Interacting with the API was relatively simple. A stream was first created as follows:
public function processUserInput(string $userInput, User $user): void
{
$dateTimeContext = 'The date-time is ' . now()->toIso8601String() . PHP_EOL;
$stream = $this->client
->threads()
->createAndRunStreamed([
'assistant_id' => $this->assistantId,
'thread' => [
'messages' => [[
'role' => 'user',
'content' => $dateTimeContext . $userInput,
]],
],
]);
foreach ($stream as $response) {
switch ($response->event) {
case 'thread.message.completed':
$this->transformExtractedData($response->response->content[0]->text->value, $user);
break 2;
// other cases...
}
}
}
When a thread.message.completed
event occurs, we take the final output and process it to extract the JSON object. Error handling is also in place to ensure any failed requests are handled and conveyed back to the user appropriately.
Given the prompt "Yesterday at 3pm I got some food shopping which cost 30.4. Today I paid my energy bill which was 44.32 dollars"
, we can see the following JSON object is produced.
{
"transactions": [
{
"amount": 30.40,
"currency": "user_default",
"category": "Shopping",
"description": "Food shopping",
"transaction_date": "2025-02-16T15:00:00+00:00"
},
{
"amount": 44.32,
"currency": "USD",
"category": "Bills",
"description": "Energy bill payment",
"transaction_date": "2024-02-17T18:15:32+00:00"
}
]
}
After some validation, on the data, it is stored in a transactions
table, with completed_at
set to NULL
. The user may then edit, delete or confirm the data.
The rest of the functionality on the website is fairly trivial!
Final thoughts
Overall, I’m quite happy with the outcome of this project.

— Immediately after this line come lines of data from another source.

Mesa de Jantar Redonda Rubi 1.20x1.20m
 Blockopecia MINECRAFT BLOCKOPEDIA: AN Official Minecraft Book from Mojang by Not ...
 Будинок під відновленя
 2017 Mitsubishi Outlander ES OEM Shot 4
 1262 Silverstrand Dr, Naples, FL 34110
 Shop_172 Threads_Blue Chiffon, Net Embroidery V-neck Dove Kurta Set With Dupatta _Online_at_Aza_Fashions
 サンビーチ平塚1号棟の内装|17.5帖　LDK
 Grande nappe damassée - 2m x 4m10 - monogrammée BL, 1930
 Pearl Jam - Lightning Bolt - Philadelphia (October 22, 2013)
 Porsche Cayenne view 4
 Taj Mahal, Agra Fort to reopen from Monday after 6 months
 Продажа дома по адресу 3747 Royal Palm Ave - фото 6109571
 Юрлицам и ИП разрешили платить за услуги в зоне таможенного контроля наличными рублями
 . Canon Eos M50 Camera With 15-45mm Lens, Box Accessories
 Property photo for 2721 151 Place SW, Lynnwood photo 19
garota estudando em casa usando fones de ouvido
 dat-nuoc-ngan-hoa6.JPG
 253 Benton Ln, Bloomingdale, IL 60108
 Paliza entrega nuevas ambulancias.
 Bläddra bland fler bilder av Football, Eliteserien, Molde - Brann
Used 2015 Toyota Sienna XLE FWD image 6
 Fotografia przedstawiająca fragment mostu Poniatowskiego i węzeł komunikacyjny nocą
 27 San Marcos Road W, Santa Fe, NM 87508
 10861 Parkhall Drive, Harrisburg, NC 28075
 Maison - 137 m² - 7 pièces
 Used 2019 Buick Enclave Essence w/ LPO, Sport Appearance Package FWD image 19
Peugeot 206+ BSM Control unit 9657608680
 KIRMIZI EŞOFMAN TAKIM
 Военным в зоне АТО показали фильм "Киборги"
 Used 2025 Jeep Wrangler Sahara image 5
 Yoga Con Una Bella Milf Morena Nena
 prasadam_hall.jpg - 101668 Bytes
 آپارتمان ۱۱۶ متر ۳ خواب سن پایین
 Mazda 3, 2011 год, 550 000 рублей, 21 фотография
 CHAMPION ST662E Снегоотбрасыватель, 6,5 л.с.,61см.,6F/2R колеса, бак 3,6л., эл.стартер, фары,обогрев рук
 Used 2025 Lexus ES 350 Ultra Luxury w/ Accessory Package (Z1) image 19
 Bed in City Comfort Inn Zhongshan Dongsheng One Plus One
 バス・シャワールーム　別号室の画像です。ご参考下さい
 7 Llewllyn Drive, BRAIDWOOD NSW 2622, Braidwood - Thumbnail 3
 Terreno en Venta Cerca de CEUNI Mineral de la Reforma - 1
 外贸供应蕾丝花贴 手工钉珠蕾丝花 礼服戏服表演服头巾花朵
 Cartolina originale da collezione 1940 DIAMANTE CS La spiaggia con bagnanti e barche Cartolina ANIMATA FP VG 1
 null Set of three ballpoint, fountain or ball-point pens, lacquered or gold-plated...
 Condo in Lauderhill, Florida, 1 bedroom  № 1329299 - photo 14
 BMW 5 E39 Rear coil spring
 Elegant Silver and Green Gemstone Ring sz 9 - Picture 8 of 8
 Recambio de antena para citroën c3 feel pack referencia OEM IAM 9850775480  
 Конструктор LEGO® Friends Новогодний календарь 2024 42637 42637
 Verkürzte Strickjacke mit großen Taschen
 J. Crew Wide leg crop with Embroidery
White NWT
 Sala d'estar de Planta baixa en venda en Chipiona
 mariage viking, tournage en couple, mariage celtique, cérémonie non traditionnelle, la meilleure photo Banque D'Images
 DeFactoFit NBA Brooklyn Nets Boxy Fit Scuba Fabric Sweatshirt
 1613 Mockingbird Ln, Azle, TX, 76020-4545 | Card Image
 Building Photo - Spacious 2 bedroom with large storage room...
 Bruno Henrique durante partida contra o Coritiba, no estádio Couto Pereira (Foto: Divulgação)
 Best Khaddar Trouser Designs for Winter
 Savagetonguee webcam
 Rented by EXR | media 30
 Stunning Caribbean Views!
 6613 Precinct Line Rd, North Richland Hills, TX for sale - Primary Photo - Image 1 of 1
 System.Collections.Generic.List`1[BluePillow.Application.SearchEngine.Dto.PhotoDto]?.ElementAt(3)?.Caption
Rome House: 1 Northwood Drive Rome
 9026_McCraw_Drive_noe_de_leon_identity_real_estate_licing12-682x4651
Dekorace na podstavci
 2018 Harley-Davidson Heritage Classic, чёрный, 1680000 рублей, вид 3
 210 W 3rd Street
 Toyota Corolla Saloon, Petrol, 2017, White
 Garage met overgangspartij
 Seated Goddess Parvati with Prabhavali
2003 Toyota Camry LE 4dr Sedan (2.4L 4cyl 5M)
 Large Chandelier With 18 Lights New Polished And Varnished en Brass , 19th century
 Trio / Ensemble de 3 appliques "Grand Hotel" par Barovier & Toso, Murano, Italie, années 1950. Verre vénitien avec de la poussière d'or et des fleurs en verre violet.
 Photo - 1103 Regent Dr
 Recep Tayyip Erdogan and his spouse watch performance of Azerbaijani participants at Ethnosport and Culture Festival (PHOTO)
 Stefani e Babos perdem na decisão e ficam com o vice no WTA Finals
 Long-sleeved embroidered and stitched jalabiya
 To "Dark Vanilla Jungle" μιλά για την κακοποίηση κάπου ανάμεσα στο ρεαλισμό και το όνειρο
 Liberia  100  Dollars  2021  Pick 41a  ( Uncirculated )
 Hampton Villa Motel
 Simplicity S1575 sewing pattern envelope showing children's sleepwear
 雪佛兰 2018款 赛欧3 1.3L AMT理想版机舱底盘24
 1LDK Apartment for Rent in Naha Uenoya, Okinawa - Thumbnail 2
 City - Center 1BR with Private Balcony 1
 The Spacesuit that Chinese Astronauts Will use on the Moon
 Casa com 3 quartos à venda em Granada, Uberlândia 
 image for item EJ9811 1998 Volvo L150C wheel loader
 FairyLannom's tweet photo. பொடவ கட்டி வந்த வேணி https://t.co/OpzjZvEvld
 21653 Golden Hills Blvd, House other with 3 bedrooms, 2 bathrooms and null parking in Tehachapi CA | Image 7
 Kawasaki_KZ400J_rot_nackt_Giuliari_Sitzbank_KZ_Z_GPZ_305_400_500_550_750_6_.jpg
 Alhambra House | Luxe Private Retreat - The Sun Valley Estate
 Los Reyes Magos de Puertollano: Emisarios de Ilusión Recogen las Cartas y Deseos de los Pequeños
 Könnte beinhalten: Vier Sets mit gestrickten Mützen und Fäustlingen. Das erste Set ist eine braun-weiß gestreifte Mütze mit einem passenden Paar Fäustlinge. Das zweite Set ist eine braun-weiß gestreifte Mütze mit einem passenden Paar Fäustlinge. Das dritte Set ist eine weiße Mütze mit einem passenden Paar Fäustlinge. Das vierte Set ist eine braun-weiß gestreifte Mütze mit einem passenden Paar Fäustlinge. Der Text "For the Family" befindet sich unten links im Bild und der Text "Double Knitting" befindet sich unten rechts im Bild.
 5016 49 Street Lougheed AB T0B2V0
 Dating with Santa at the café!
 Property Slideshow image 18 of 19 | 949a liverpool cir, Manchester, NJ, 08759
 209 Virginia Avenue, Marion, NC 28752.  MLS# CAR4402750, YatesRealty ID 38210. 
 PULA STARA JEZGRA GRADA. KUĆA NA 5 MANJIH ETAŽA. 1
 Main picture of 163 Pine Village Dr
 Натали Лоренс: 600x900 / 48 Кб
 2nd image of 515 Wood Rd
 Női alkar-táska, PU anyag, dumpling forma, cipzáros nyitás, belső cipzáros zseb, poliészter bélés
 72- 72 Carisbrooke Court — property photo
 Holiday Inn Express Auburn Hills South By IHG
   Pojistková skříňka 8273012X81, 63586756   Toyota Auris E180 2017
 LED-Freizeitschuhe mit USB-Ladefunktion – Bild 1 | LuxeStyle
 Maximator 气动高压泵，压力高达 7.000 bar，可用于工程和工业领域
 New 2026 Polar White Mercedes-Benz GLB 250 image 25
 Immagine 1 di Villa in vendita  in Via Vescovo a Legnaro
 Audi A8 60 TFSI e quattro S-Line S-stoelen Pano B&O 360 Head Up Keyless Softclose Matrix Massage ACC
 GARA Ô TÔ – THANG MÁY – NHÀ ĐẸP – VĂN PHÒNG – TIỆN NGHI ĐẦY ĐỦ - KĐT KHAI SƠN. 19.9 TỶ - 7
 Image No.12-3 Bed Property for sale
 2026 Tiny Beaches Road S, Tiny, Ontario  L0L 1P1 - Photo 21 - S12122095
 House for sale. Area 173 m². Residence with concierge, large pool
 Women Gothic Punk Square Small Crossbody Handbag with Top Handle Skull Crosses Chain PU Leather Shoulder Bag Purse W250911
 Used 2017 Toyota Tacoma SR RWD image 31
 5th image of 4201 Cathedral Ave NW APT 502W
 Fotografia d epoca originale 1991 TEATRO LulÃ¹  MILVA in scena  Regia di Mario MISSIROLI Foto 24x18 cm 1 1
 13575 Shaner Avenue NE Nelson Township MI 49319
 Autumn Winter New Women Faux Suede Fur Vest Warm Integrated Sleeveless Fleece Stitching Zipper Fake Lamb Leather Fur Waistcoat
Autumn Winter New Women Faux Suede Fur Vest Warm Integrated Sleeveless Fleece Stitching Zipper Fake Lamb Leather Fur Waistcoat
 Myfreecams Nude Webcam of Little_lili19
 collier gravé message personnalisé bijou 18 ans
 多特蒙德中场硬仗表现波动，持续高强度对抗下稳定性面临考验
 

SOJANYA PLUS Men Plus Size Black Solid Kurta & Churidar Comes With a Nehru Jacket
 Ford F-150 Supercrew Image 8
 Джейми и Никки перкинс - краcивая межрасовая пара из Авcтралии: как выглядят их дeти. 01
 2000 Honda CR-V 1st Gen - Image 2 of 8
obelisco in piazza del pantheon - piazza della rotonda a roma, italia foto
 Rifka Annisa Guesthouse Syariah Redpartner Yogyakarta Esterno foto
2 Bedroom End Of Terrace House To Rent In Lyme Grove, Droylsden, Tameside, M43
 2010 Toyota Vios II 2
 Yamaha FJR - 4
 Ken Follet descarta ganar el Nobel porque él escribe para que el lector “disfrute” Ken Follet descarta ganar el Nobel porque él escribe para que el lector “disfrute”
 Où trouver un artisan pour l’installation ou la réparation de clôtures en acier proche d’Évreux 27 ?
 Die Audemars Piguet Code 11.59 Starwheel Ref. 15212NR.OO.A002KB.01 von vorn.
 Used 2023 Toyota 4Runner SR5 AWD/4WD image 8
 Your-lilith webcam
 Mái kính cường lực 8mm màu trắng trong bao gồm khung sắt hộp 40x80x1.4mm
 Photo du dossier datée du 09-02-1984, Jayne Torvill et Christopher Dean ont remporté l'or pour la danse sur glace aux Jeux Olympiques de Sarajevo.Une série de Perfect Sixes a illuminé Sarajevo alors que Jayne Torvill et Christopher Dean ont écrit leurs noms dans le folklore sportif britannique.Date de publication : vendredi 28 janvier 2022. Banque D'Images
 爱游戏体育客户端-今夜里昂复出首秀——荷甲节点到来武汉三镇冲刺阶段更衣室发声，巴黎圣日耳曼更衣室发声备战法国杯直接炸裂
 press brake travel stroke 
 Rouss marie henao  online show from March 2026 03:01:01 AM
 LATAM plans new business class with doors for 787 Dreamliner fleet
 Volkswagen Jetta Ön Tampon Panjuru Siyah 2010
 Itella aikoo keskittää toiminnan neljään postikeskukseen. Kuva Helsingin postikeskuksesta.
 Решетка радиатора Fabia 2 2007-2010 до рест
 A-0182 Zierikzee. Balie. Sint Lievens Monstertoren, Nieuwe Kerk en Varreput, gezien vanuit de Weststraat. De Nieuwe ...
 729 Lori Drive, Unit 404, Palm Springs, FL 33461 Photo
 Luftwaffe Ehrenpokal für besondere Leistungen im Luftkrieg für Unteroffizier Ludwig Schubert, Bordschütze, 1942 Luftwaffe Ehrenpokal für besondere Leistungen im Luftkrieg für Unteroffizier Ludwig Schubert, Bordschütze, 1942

It was a great learning experience, and I managed to achieve most of my initial goals. However, there is always room for improvement. The robustness of the API interactions could have been better and able to handle a wider range of scenarios and edge cases more gracefully.
Additionally, integrating function calling in the assistant, such as fetching the current time, would have been a valuable feature, rather than having to inject that into the start of every prompt. OpenAI’s Assistants also allow for data lookup, which could be useful for tasks similar to how MacroFactor might use a dataset of food items. Investigating how to leverage this capability could further enhance the functionality of MoolaMate.